### Prompt
Each of the records below must be reproduced verbatim.

Stored items from a collection
---*---
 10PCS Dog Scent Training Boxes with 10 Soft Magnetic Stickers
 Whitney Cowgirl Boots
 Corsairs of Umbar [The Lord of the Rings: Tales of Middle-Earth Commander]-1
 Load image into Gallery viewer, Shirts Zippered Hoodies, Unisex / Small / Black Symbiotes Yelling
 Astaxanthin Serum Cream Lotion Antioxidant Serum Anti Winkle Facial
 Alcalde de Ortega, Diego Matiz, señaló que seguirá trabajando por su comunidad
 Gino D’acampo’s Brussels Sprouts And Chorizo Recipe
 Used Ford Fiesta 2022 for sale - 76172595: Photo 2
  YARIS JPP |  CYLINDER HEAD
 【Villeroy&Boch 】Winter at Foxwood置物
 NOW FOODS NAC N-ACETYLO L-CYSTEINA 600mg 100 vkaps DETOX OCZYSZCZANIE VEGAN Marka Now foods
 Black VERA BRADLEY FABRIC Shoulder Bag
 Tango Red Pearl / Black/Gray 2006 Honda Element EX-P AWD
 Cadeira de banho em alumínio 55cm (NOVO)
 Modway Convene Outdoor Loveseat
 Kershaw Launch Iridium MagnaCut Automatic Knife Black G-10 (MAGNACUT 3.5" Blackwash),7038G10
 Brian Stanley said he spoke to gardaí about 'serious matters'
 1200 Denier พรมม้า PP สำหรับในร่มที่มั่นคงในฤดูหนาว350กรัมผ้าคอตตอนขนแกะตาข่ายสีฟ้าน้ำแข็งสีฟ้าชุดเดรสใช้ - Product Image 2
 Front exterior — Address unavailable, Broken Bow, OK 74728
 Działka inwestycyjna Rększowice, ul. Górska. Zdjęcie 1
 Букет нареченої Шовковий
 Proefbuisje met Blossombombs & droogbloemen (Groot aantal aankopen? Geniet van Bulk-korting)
---*---
### Exercise output
 10PCS Dog Scent Training Boxes with 10 Soft Magnetic Stickers
 Whitney Cowgirl Boots
 Corsairs of Umbar [The Lord of the Rings: Tales of Middle-Earth Commander]-1
 Load image into Gallery viewer, Shirts Zippered Hoodies, Unisex / Small / Black Symbiotes Yelling
 Astaxanthin Serum Cream Lotion Antioxidant Serum Anti Winkle Facial
 Alcalde de Ortega, Diego Matiz, señaló que seguirá trabajando por su comunidad
 Gino D’acampo’s Brussels Sprouts And Chorizo Recipe
 Used Ford Fiesta 2022 for sale - 76172595: Photo 2
  YARIS JPP |  CYLINDER HEAD
 【Villeroy&Boch 】Winter at Foxwood置物
 NOW FOODS NAC N-ACETYLO L-CYSTEINA 600mg 100 vkaps DETOX OCZYSZCZANIE VEGAN Marka Now foods
 Black VERA BRADLEY FABRIC Shoulder Bag
 Tango Red Pearl / Black/Gray 2006 Honda Element EX-P AWD
 Cadeira de banho em alumínio 55cm (NOVO)
 Modway Convene Outdoor Loveseat
 Kershaw Launch Iridium MagnaCut Automatic Knife Black G-10 (MAGNACUT 3.5" Blackwash),7038G10
 Brian Stanley said he spoke to gardaí about 'serious matters'
 1200 Denier พรมม้า PP สำหรับในร่มที่มั่นคงในฤดูหนาว350กรัมผ้าคอตตอนขนแกะตาข่ายสีฟ้าน้ำแข็งสีฟ้าชุดเดรสใช้ - Product Image 2
 Front exterior — Address unavailable, Broken Bow, OK 74728
 Działka inwestycyjna Rększowice, ul. Górska. Zdjęcie 1
 Букет нареченої Шовковий
 Proefbuisje met Blossombombs & droogbloemen (Groot aantal aankopen? Geniet van Bulk-korting)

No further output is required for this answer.